Aos 2m30s o advogado entrevistado defende multas aos ciclistas dizendo que estes “têm carta-branca para cometer irregularidades e têm a certeza de que não serão punidos”. Ora, no país que ceifa a vida de mais de 50 mil brasileiras e brasileiros por ano nas estradas, rodovias, avenidas e ruas das cidades; no país em que 75% das mortes causadas por veículos motorizados está ligada à ingestão de bebida alcoólica; no país em que o sistema judiciário julga direção alcoolizada e morte como “acidente”, é no mínimo espantoso ver um advogado se referir àqueles que estão excluídos e marginalizados das políticas públicas como sendo os algozes do sistema de mobilidade.

9.
Na sequência, em cima da imagem de um pelotão de ciclistas circulando em uma rodovia, a voz em off anuncia: “outra proibição é a circulação de bicicletas em rodovias, o que frequentemente acontece”. E nós, com interjeição de espanto, perguntamos: com base em que é proibida a circulação de bicicletas em rodovias? Vamos ao que diz a lei, em contraposição ao achismo da reportagem: “É infração (dos ciclos): transitar em vias de trânsito rápido ou rodovias, salvo onde houver acostamento ou faixas de rolamento próprias (grifo nosso)”. Qual a primeira coisa que salta aos olhos na imagem estampada pela reportagem? Ciclistas pedalando em uma rodovia COM ACOSTAMENTO. Não é preciso dizer mais nada, só lamentar os equívocos da reportagem e esperar que um dia eles se retratem.

10.
Mais uma afirmação categórica e equivocada do advogado entrevistado: “esses grupos de ciclistas que andam à noite, nas marginais ou no rodoanel, precisam de uma autorização da CET para circular nestes locais”. As respostas acima já contemplam esta questão, pois já comprovamos ser livre e legal a circulação de bicicletas nestes locais.

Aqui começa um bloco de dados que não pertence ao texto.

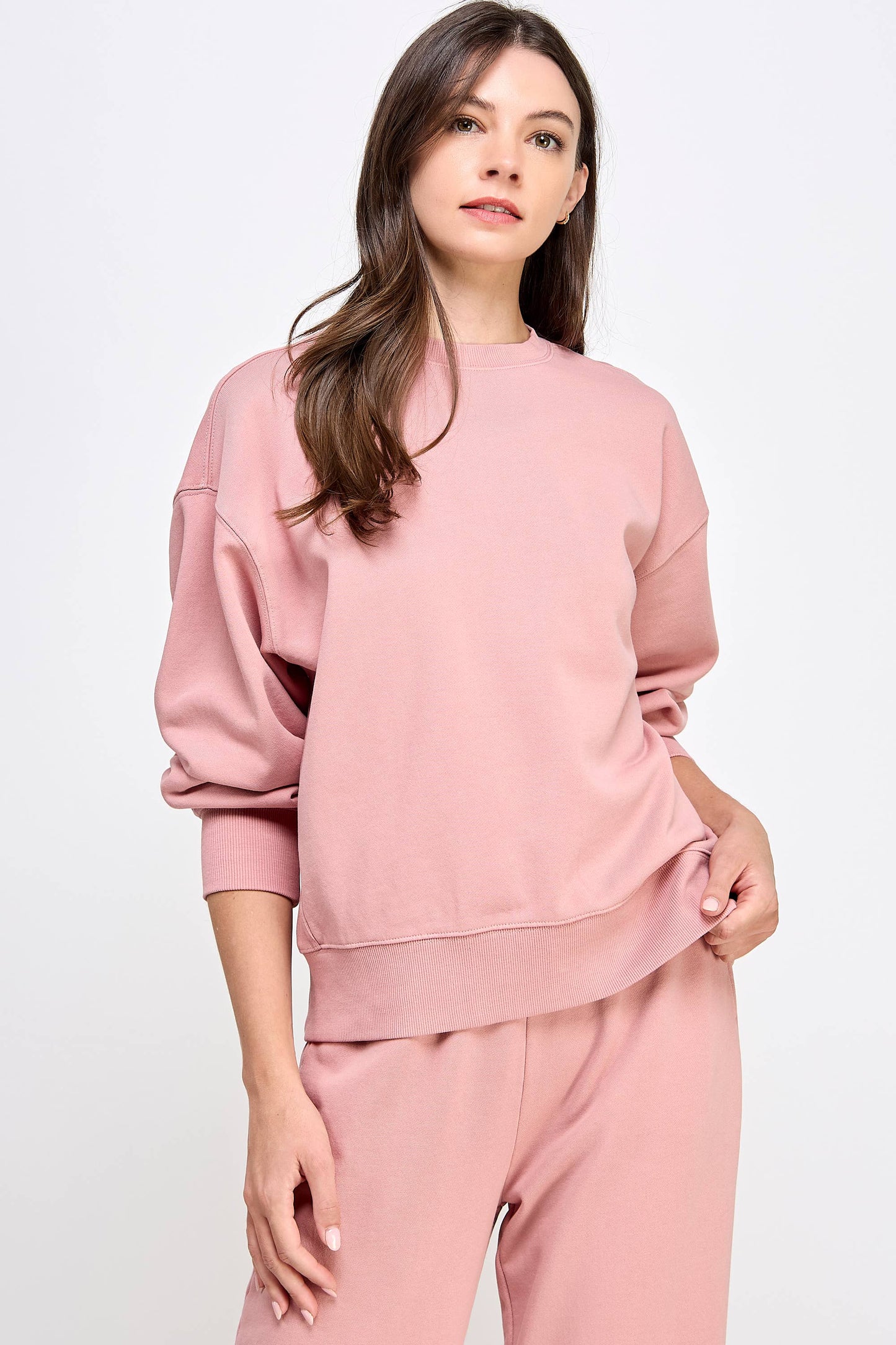 P9004T EVERYDAY SOFT FRENCH TERRY SWEATSHIRT: Pink / SMALL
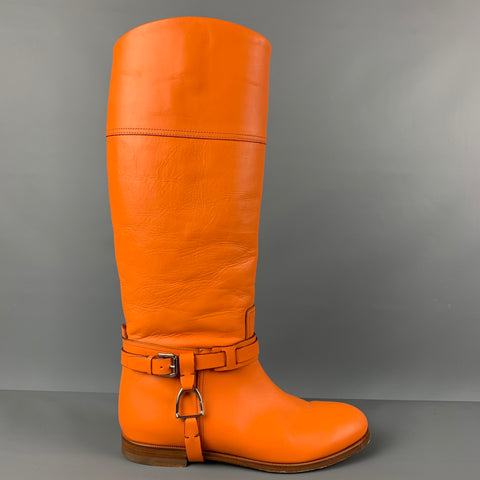 Colección RALPH LAUREN Talla 9 Botas sin cordones de cuero naranja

Pessoas reunidas pedalando juntas – seja para com destino ao trabalho, seja como prática de atividade física – não configuram um evento ciclístico formal, onde normalmente há organizadores, apoiadores, estrutura etc (para estes eventos, sim, é necessário pedir autorização e apoio dos órgãos competentes).

11.
Para cumprir a cartilha do jornalismo e mostrar “o outro lado”, a reportagem entrevistou longamente o Diretor de Participação da Ciclocidade. A longa entrevista, no entanto, não foi utilizada e a edição destacou, deturpadamente, apenas duas falas que, isoladamente, não produzem o contexto necessário de contrapontos aos equívocos formais, conceituais e legais da reportagem.

12.
Para finalizar, a reportagem incluiu o depoimento de um bike courrier que disse usar sempre os equipamentos de segurança que ele considera adequados (que não são obrigatórios e não estão previstos em legislação alguma); e a reporter, em off, apontou o caso deste ciclista como um bom exemplo, “a consciência que sobre em Maurício, falta em grande parte dos ciclistas flagrados arriscando a vida nas ruas de SP”. Mais uma vez as imagens de apoio, que comprovariam esta “grande parte de ciclistas arricando suas vidas”, mostraram somente ciclistas em comportamento legal, tranquilo, respeitoso e adequado.

Para concluir, vimos solicitar a TV Record o reconhecimento público dos equívocos cometidos nesta reportagem e propomos a realização de uma matéria apontando os aspectos positivos do uso de bicicleta, seus benefícios para a cidade e para os cidadãos.